DATA BELOW:
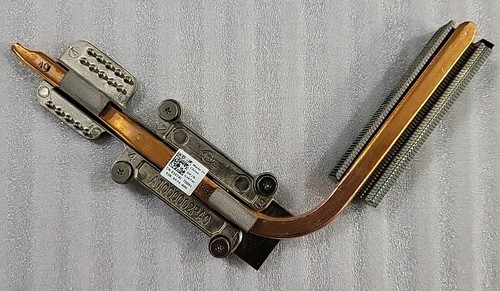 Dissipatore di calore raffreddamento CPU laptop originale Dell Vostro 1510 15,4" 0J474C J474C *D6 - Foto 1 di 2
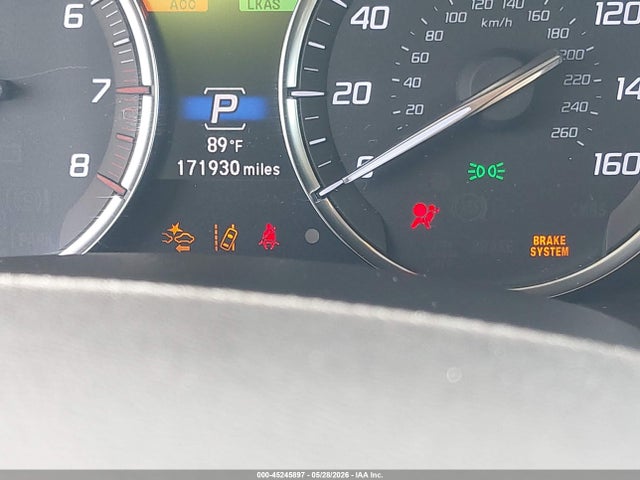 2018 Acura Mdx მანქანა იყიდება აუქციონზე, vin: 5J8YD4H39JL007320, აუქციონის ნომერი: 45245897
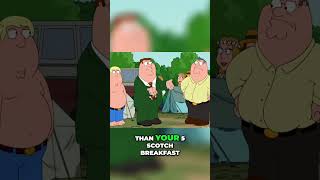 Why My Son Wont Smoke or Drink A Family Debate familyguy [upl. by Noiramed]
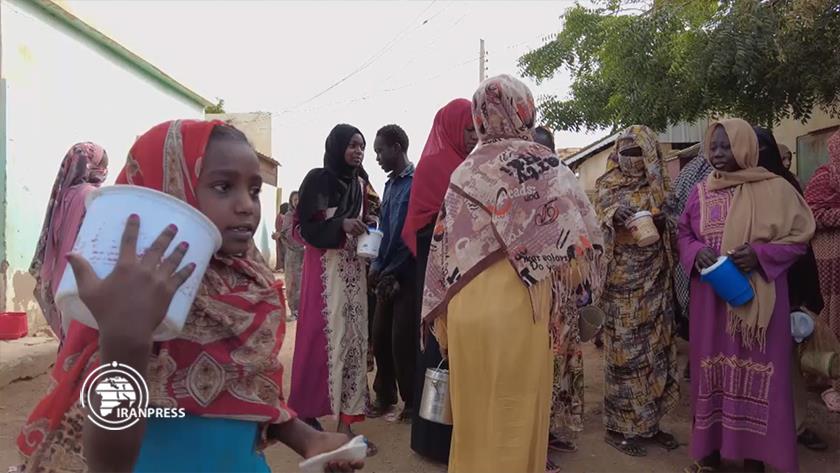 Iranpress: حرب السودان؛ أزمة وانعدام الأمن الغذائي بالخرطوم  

REQUIRED WORK: The answer should consist only of the lines from the one with "Why My Son Wont" through the last line of the material above, copied exactly, with no pictures.

YOUR RESPONSE:
 Why My Son Wont Smoke or Drink A Family Debate familyguy [upl. by Noiramed]
 Iranpress: حرب السودان؛ أزمة وانعدام الأمن الغذائي بالخرطوم  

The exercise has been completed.